Pictures with short captions:
=== Section Start ===

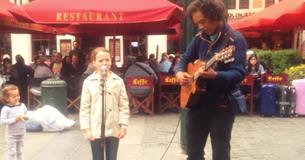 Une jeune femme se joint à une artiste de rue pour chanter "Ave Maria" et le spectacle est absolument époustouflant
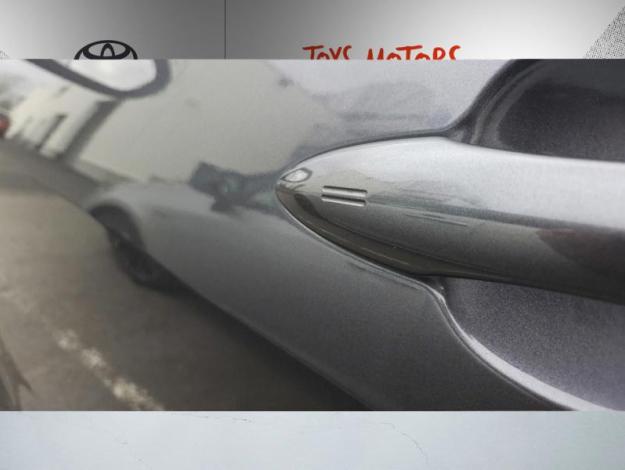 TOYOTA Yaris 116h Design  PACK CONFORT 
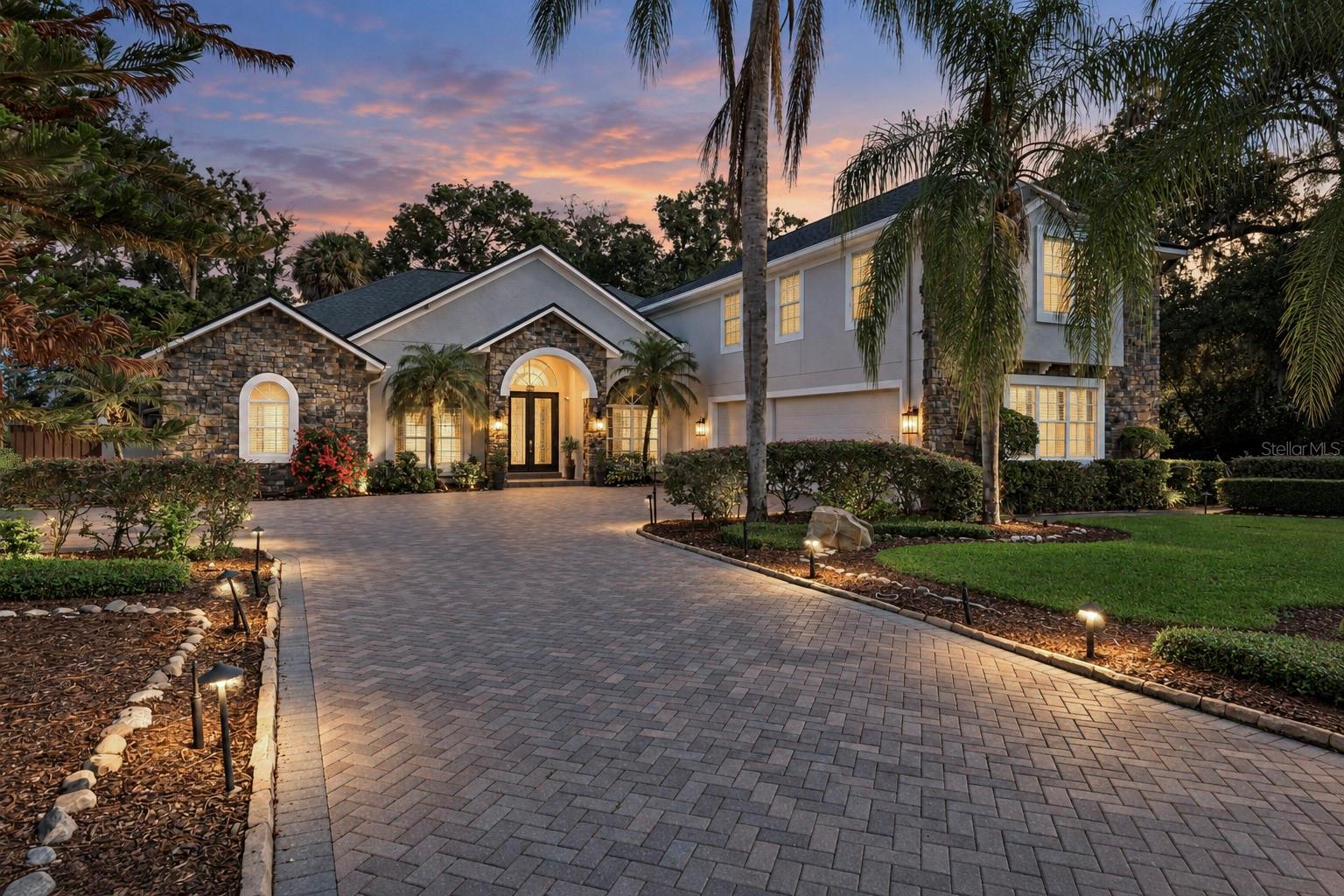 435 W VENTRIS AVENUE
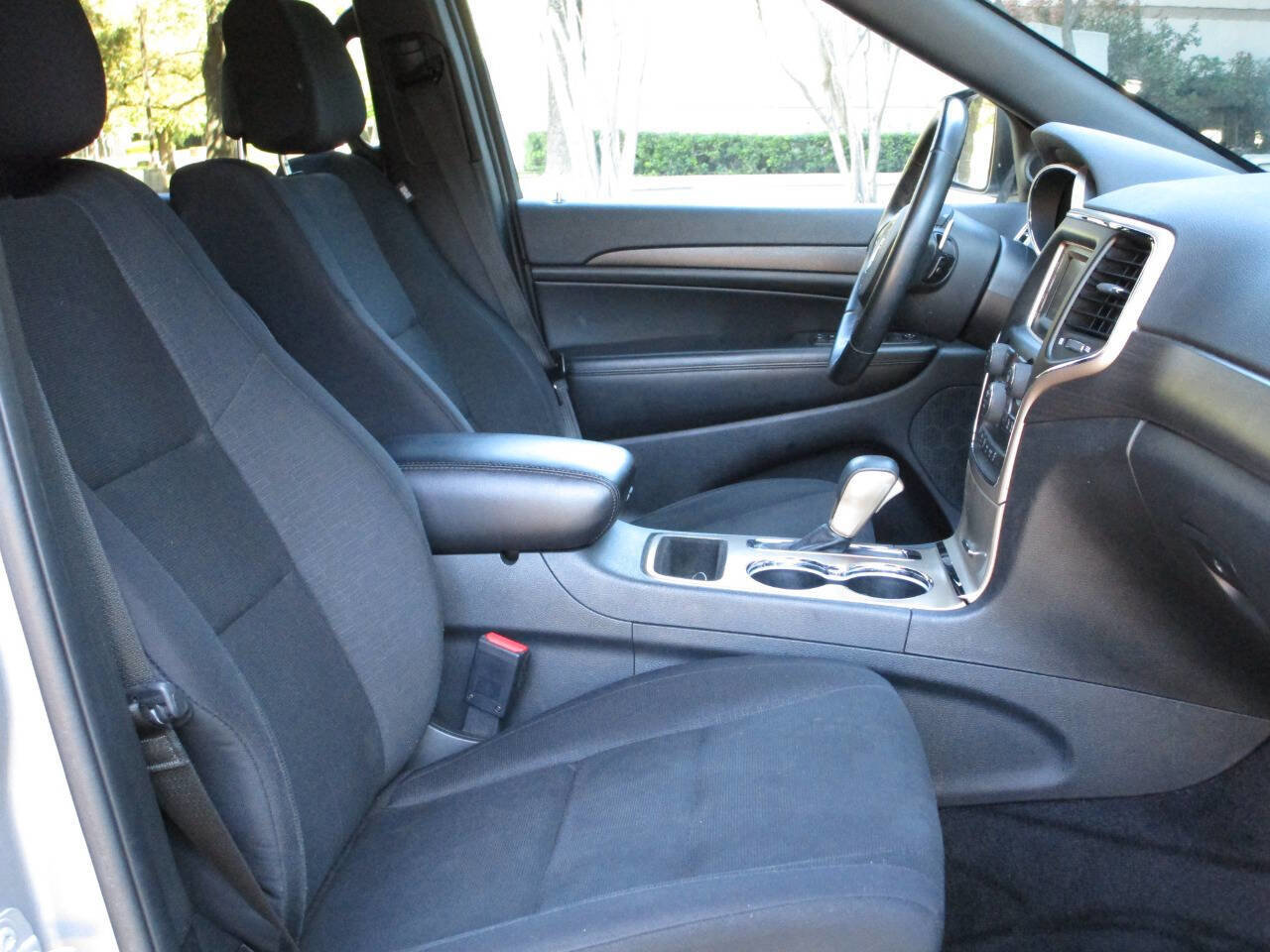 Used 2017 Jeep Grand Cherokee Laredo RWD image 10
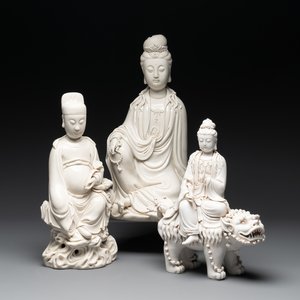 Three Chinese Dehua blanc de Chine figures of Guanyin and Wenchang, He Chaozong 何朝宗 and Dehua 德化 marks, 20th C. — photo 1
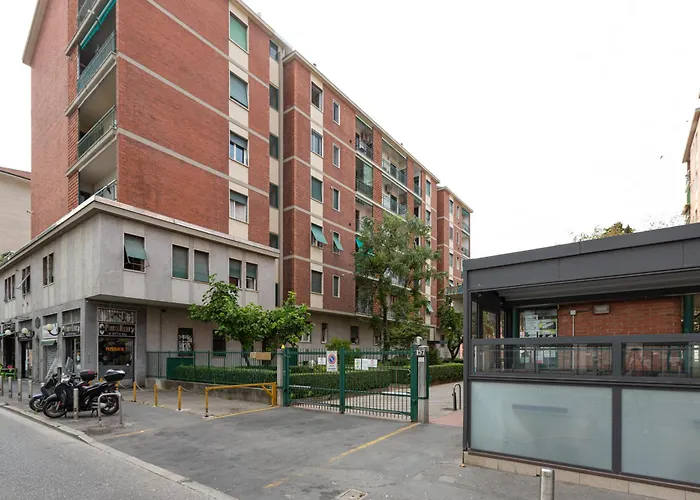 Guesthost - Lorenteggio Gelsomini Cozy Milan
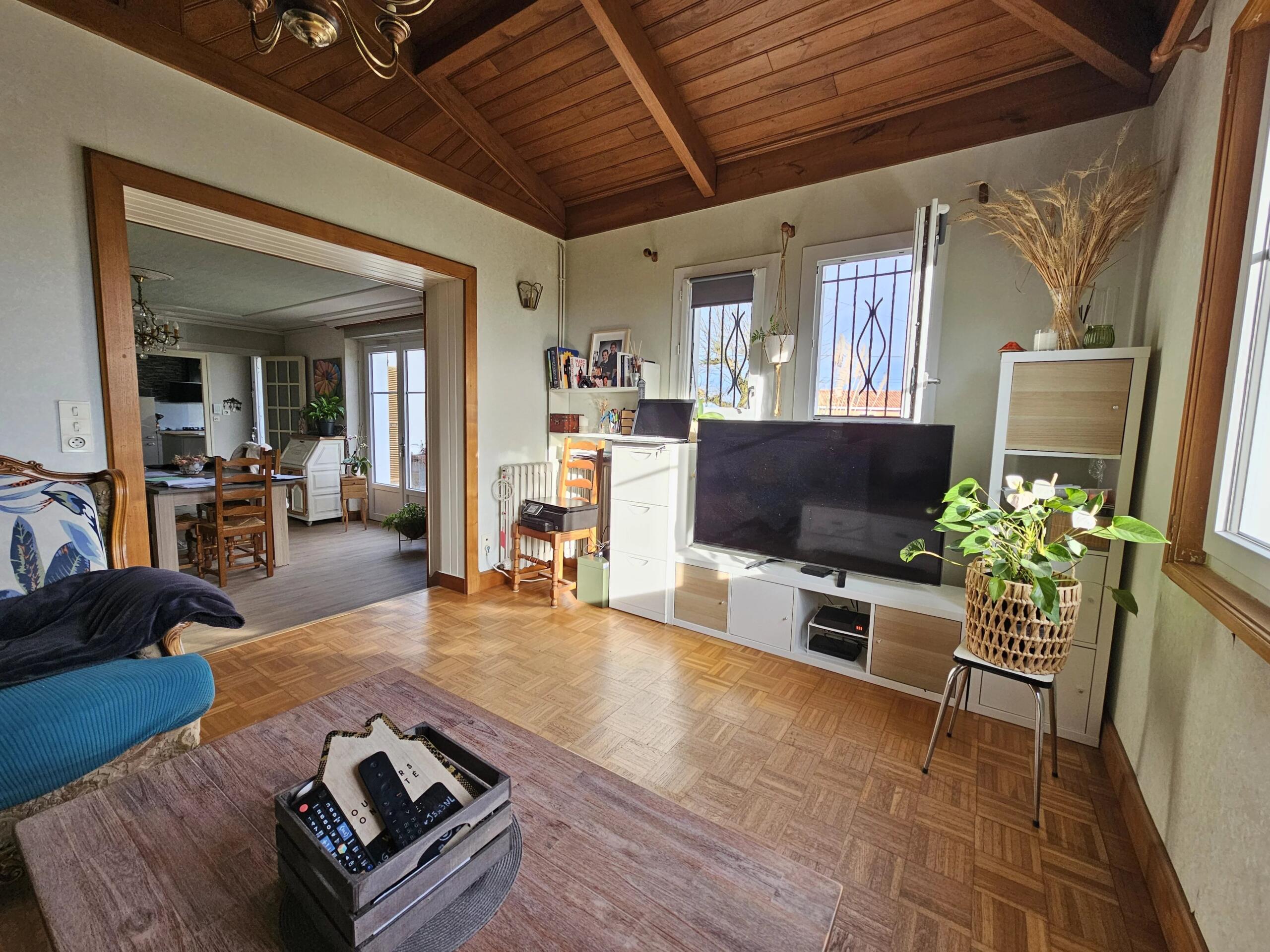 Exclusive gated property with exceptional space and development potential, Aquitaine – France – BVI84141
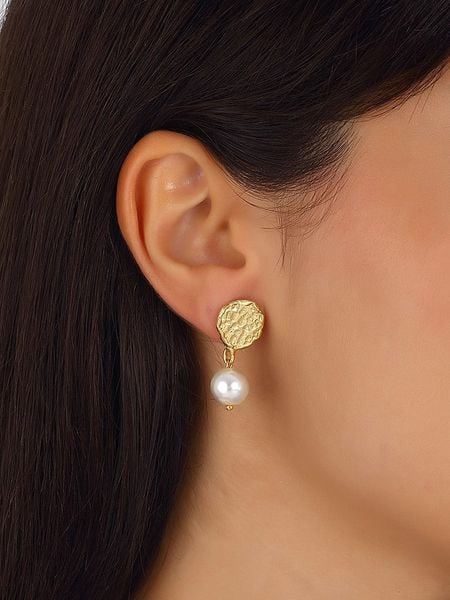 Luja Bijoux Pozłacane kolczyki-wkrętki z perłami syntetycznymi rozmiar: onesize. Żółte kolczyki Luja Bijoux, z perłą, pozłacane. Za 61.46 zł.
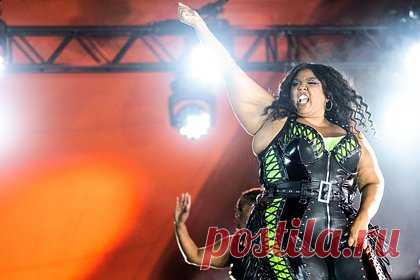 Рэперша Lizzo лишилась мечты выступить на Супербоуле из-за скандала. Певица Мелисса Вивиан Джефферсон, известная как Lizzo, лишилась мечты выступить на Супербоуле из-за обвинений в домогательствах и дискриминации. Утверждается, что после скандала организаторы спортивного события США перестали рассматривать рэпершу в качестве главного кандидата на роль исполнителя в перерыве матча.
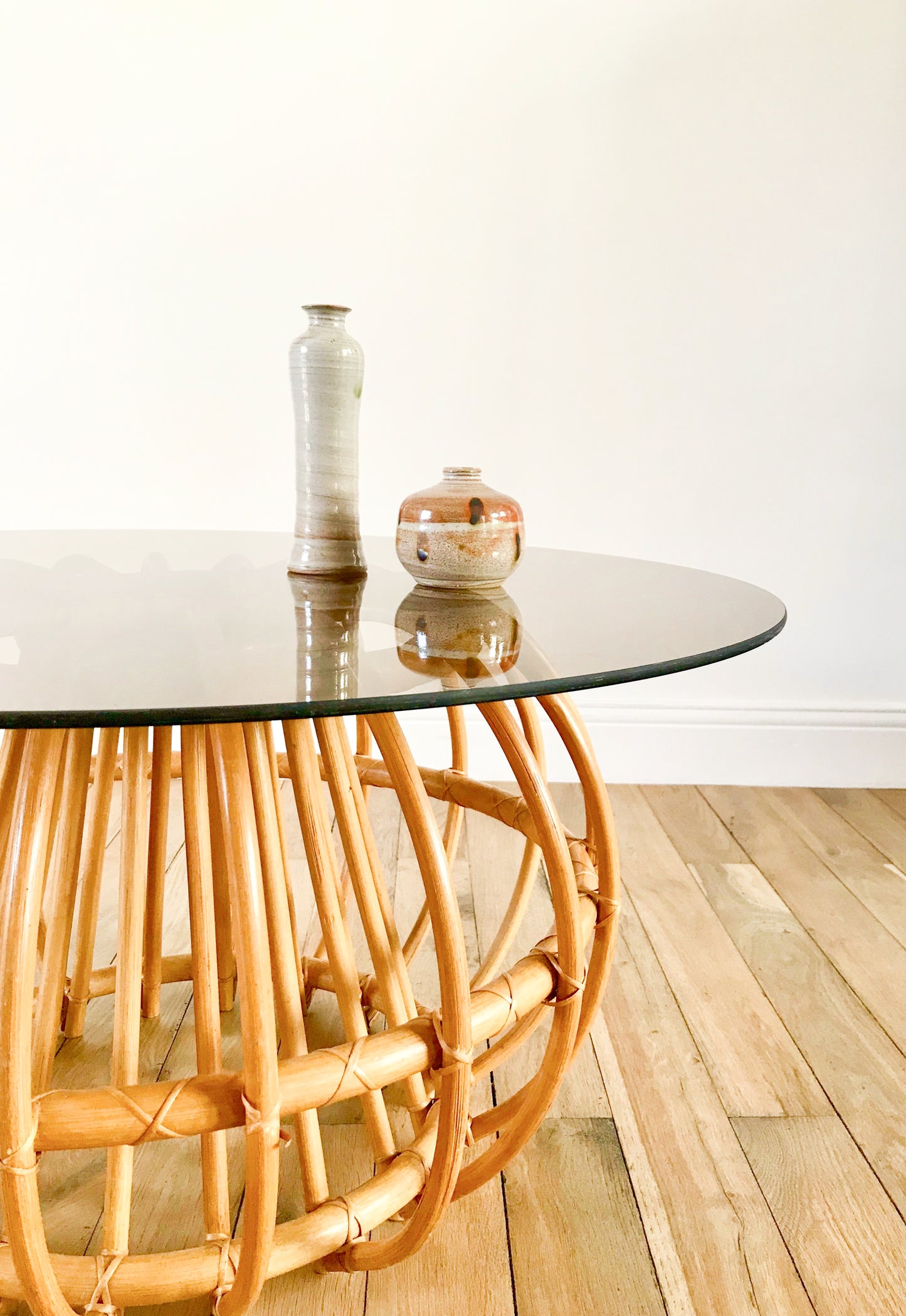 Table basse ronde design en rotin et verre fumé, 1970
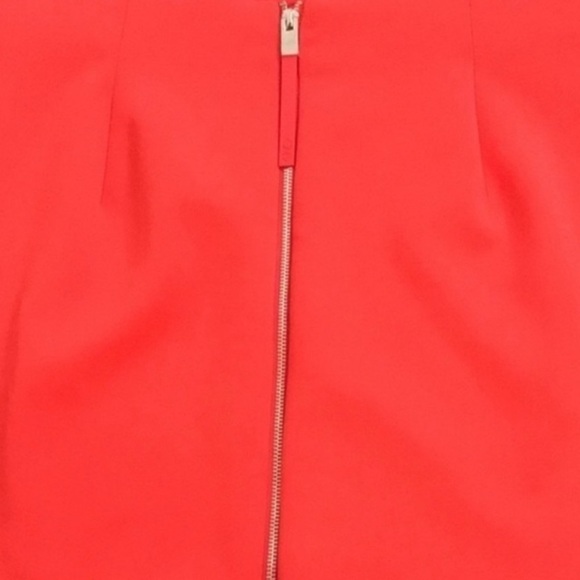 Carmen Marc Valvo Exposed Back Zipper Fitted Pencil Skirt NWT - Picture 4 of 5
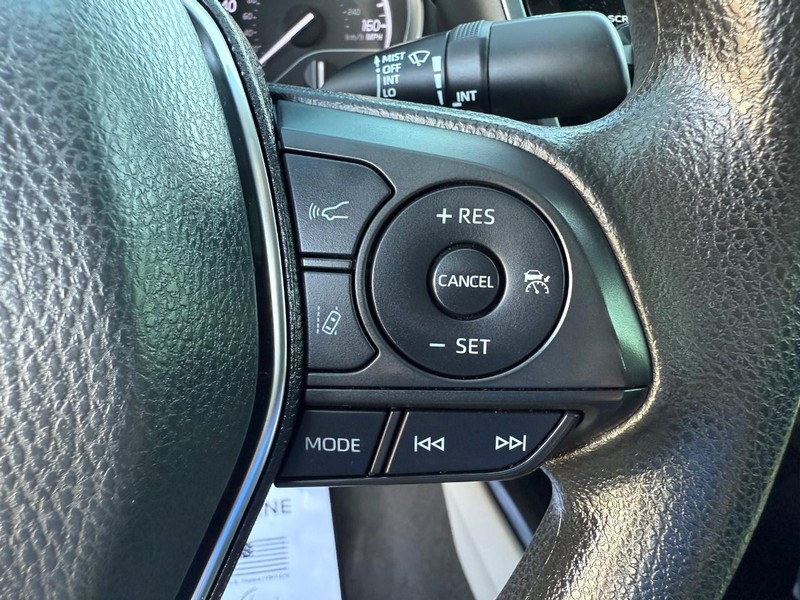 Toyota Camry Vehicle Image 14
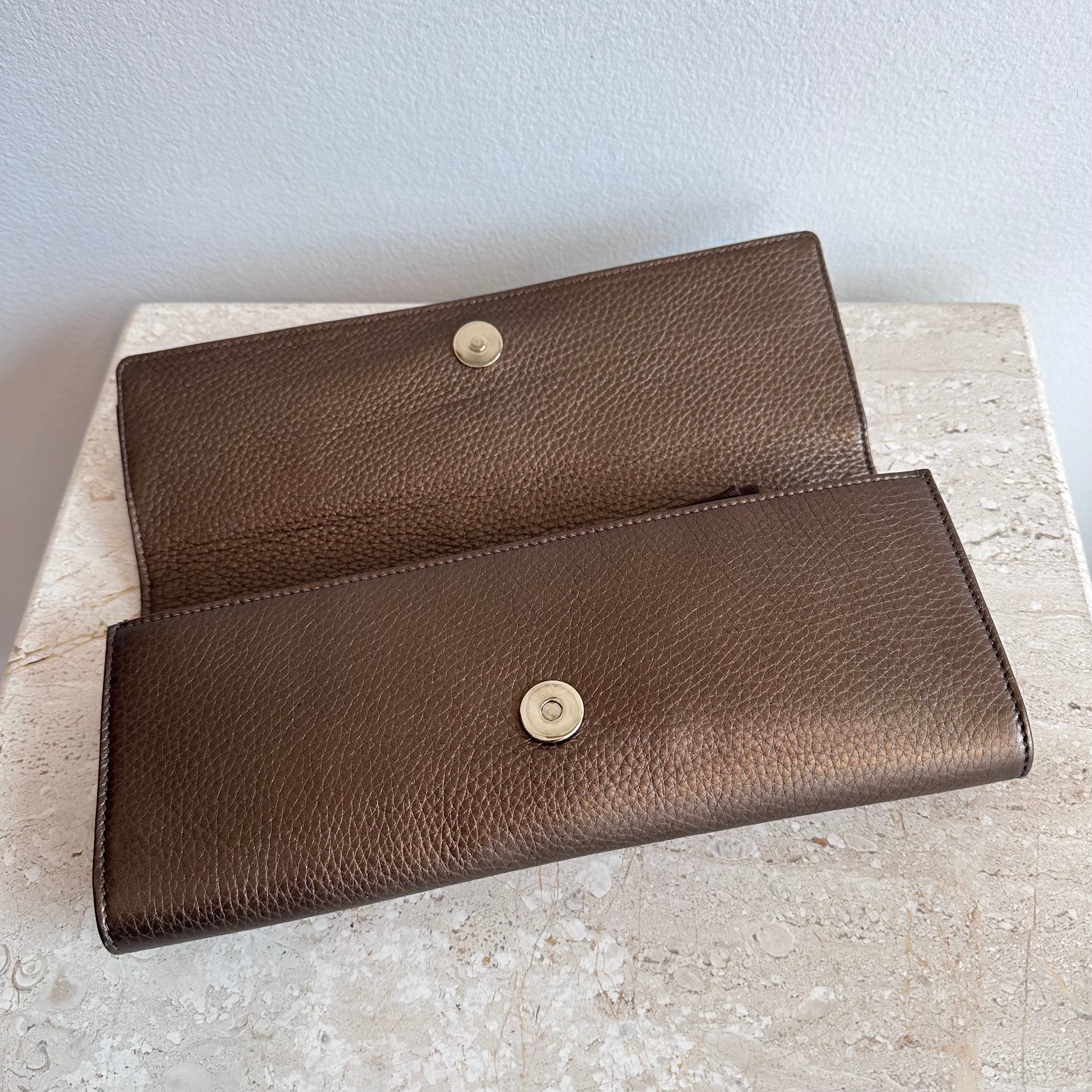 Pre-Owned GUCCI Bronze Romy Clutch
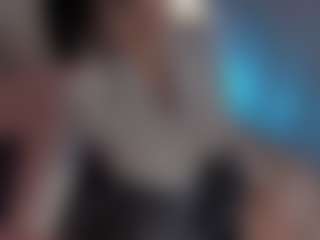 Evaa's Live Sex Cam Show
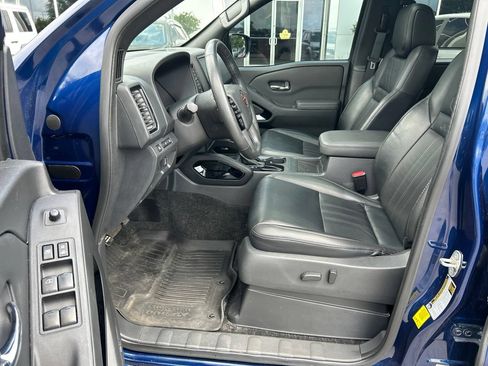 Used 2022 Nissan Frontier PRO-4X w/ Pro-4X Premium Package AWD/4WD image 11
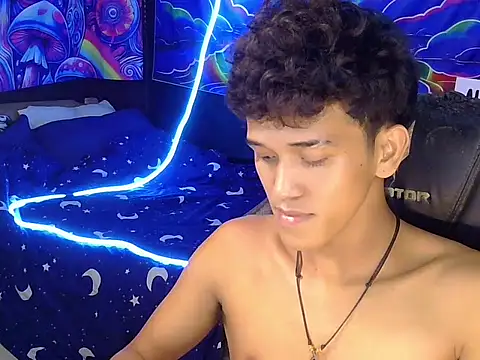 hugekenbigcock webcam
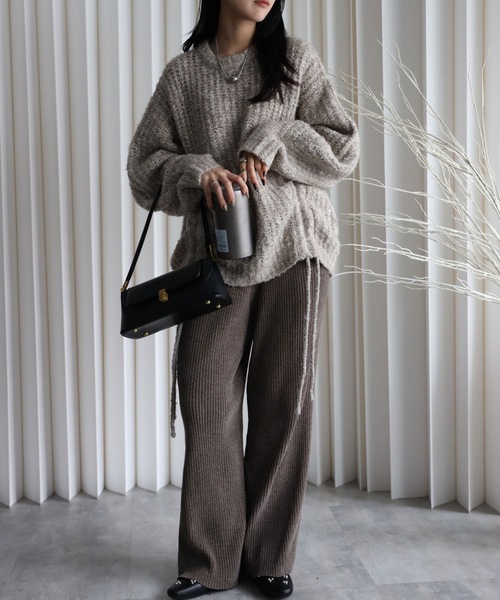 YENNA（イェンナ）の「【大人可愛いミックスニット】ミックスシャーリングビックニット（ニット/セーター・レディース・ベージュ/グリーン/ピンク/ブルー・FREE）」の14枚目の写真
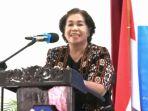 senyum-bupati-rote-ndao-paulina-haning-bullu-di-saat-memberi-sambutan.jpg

=== Section End ===

Work instruction:
Please transcribe exactly the lines from the one containing "Table basse ronde" through the last line of the records above, both included, and leave out every picture.

Written answer:
 Table basse ronde design en rotin et verre fumé, 1970
 Carmen Marc Valvo Exposed Back Zipper Fitted Pencil Skirt NWT - Picture 4 of 5
 Toyota Camry Vehicle Image 14
 Pre-Owned GUCCI Bronze Romy Clutch
 Evaa's Live Sex Cam Show
 Used 2022 Nissan Frontier PRO-4X w/ Pro-4X Premium Package AWD/4WD image 11
 hugekenbigcock webcam
 YENNA（イェンナ）の「【大人可愛いミックスニット】ミックスシャーリングビックニット（ニット/セーター・レディース・ベージュ/グリーン/ピンク/ブルー・FREE）」の14枚目の写真
 senyum-bupati-rote-ndao-paulina-haning-bullu-di-saat-memberi-sambutan.jpg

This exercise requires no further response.